Your answer must be the exact lines from the one holding "Opel: massima connettività e mani libere" through the end of the entries, with no pictures.

▬▬▬▬▬▬

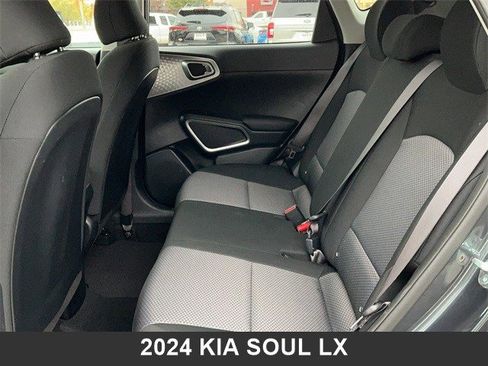 Used 2024 Kia Soul LX w/ Option Group 015 image 13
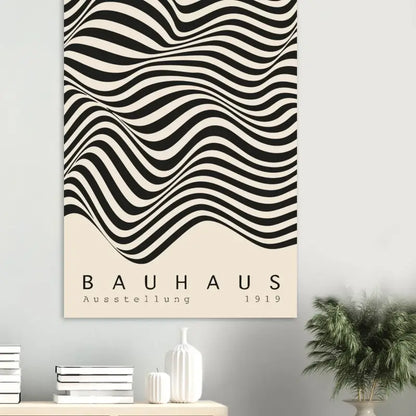 Affiche en toile rayée ondulée noir et blanc présentant « bauhaus ausstellung 1919 » en lettres grasses sans serif sur une section inférieure de couleur crème.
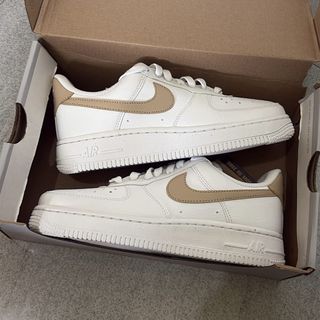(Category: ) located in . Submitted by topdawgwardrobe (Listing ID 1470402614, Image 1). Description: .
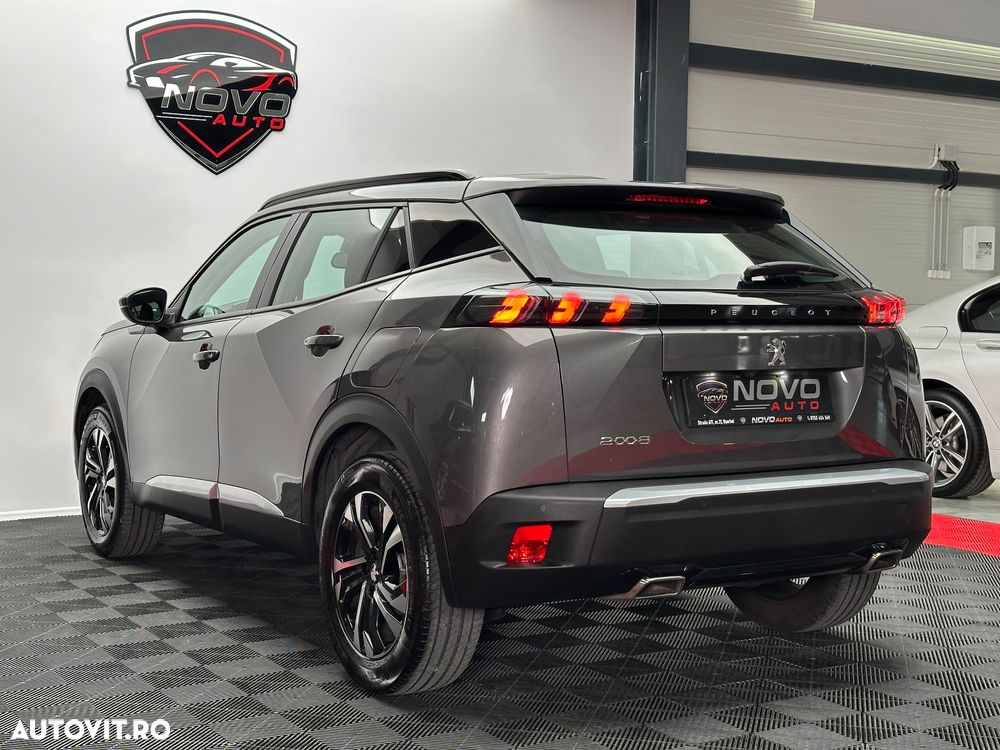 Peugeot 2008 1.2 PureTech Turbo S&S Allure - 5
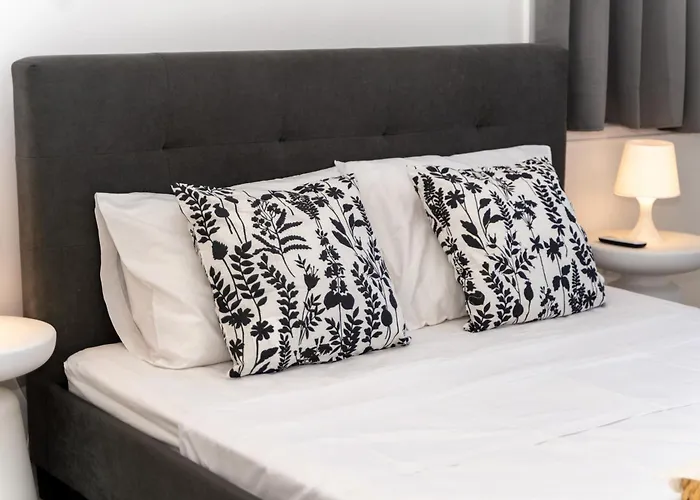 2 Bedroom Flat * ニコシア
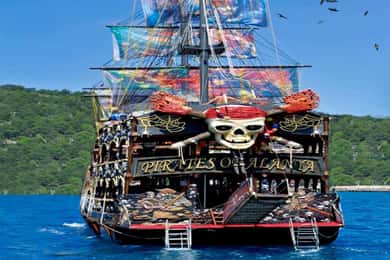 Alanya: Piraten van Alanya Rondvaart met lunch en drankjes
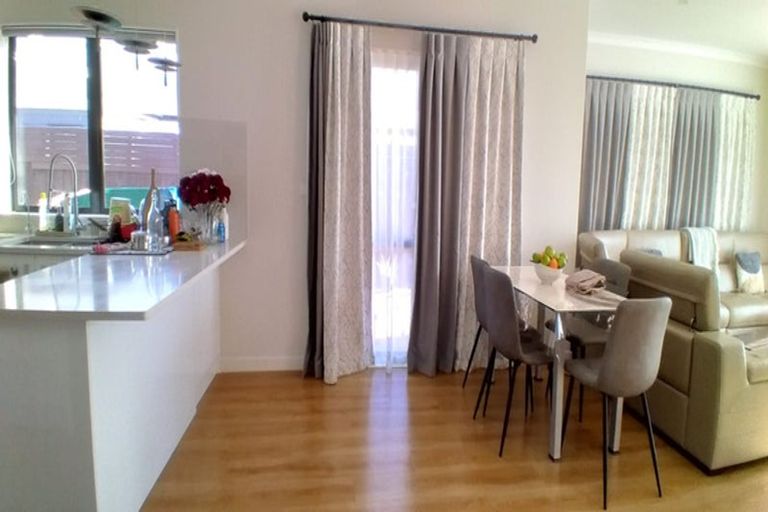 Photo of property in 10 Lavey Road, Flat Bush, Auckland, 2019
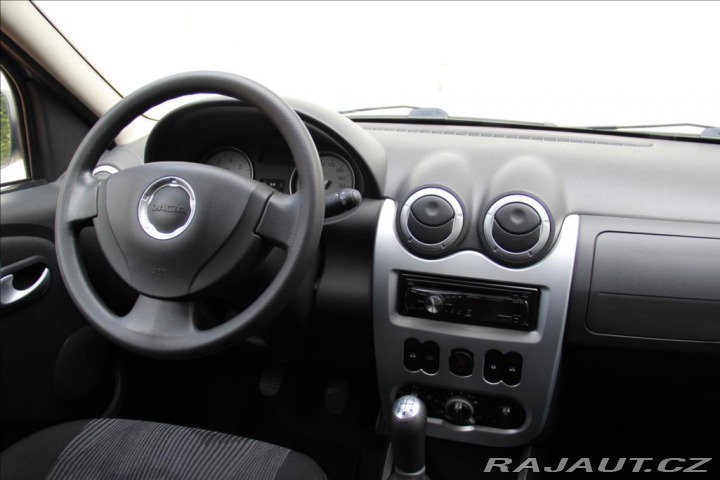 Dacia Logan 1,6 MPI 87PS MCV Arctica 2010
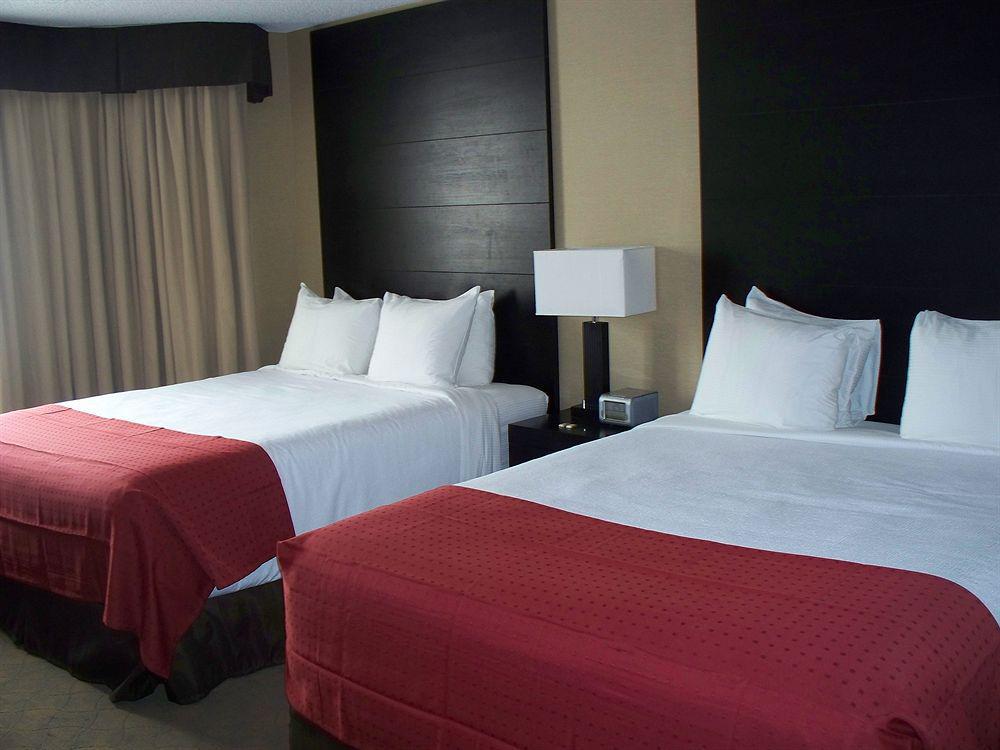 Edmonton Hotel & Convention Center 에드먼턴 객실 사진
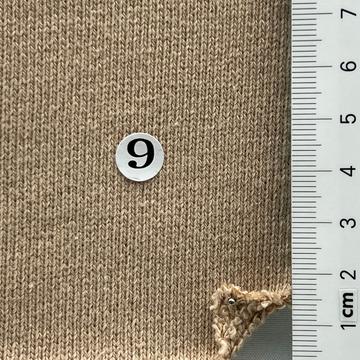 9 Beige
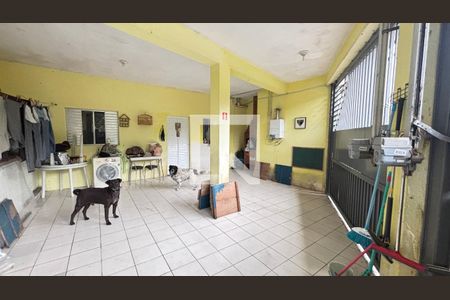 Casa à venda com 189m², 1 quarto e 2 vagas Casa à venda com 189m², 1 quarto e 2 vagasGaragem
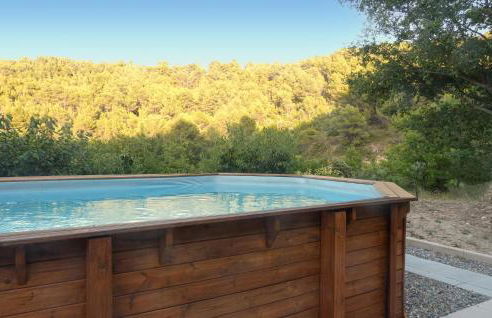 Nice Home In La-Roque-Sur-Pernes - Foto 10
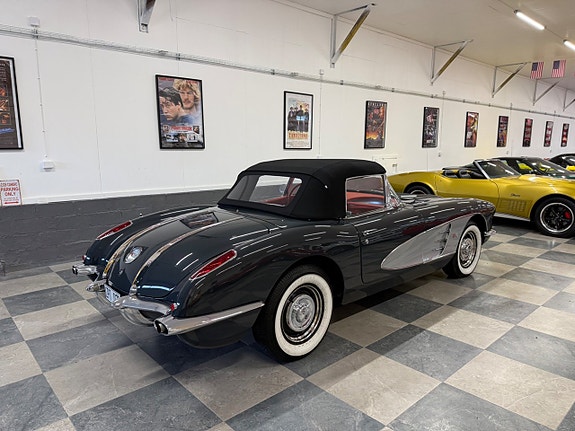 Chevrolet Corvette 23 of 30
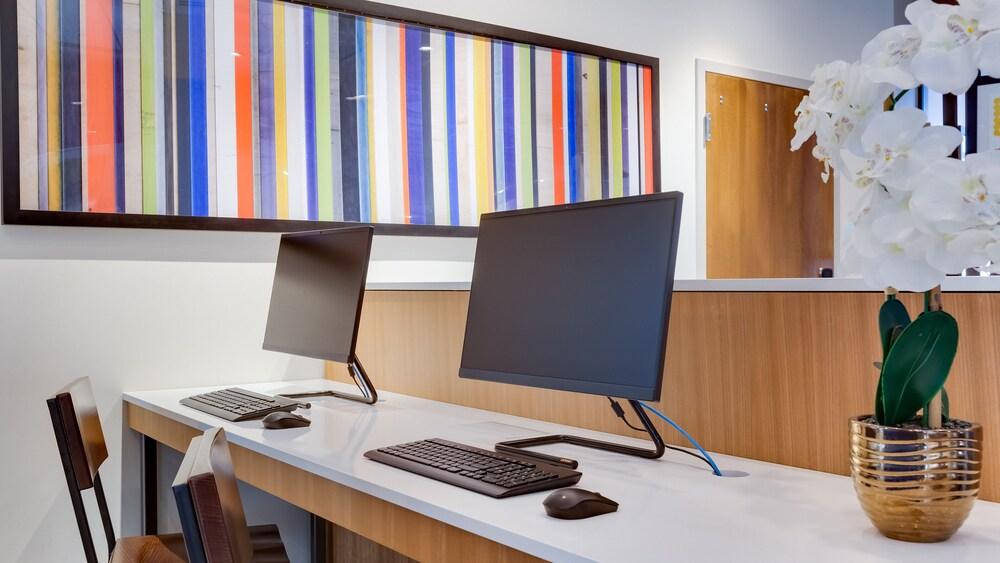 Holiday Inn Express & Suites Latta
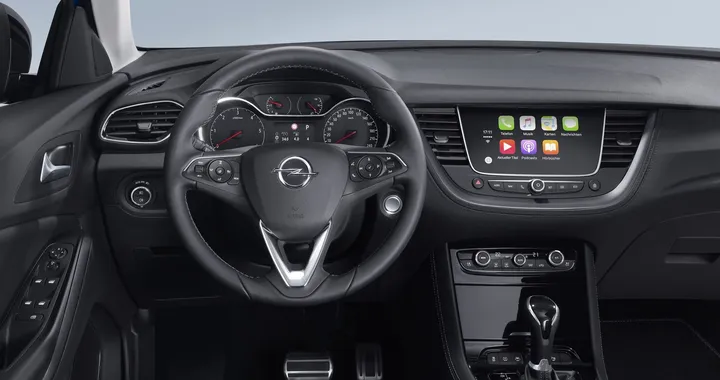 Opel: massima connettività e mani libere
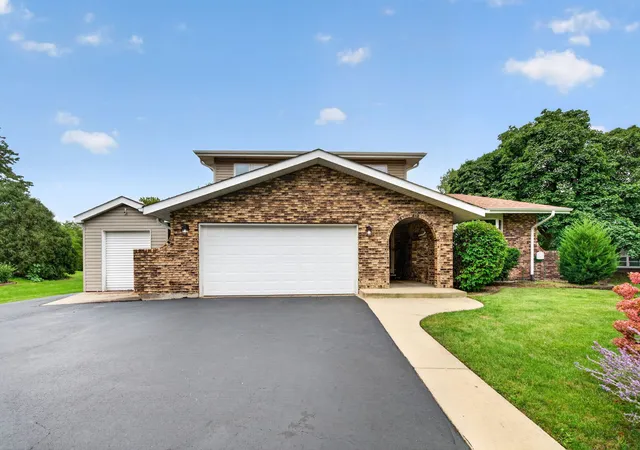 Photo 3 of Single family home for sale at 29w055 Schillinger Dr, Naperville, IL 60564 | MLS# 12776267 | Listing updated on 2026-10-03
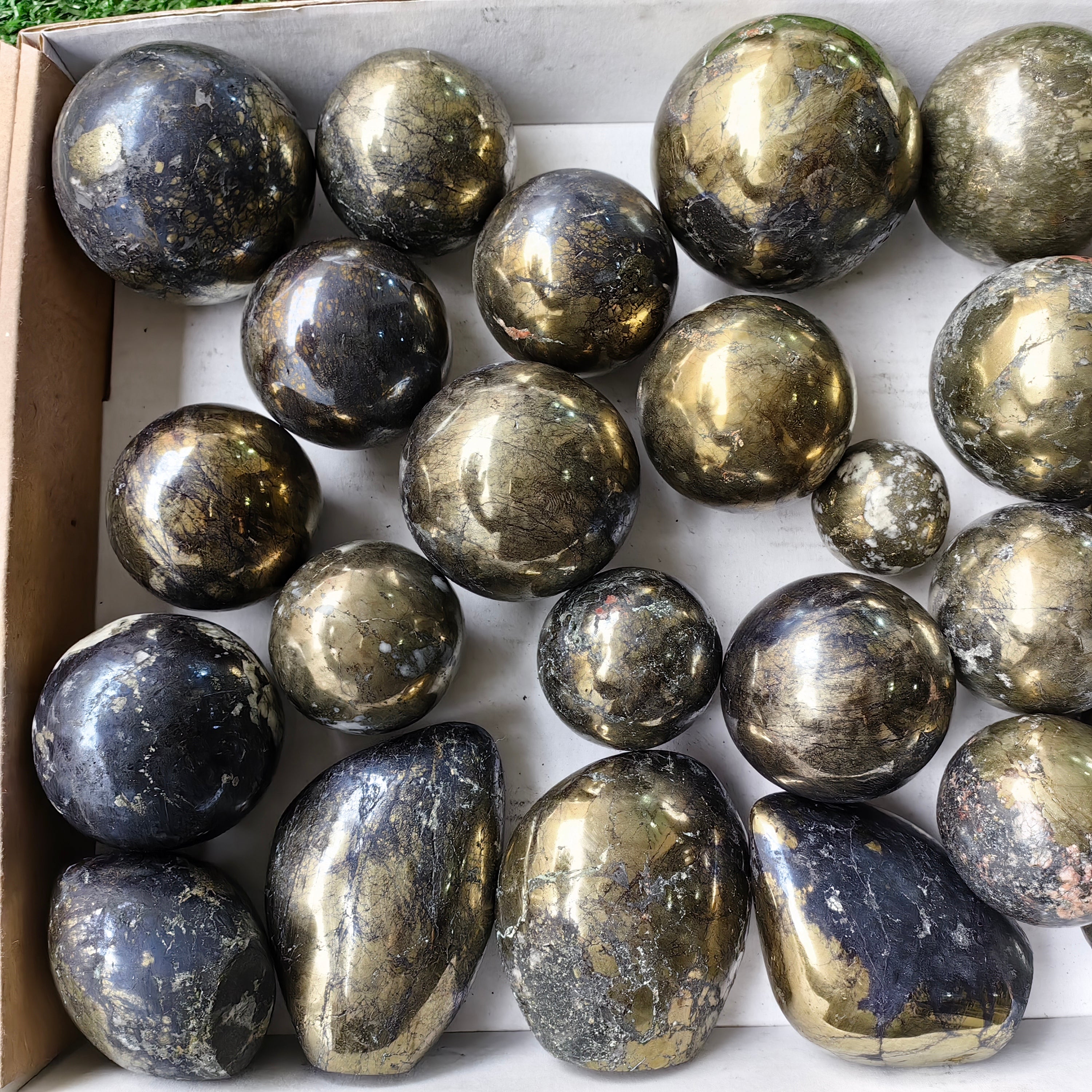 Lot 25 pcs Covellite on Chalcopyrite Sphere and Flame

▬▬▬▬▬▬

= Solution to the exercise =
 Opel: massima connettività e mani libere
 Photo 3 of Single family home for sale at 29w055 Schillinger Dr, Naperville, IL 60564 | MLS# 12776267 | Listing updated on 2026-10-03
 Lot 25 pcs Covellite on Chalcopyrite Sphere and Flame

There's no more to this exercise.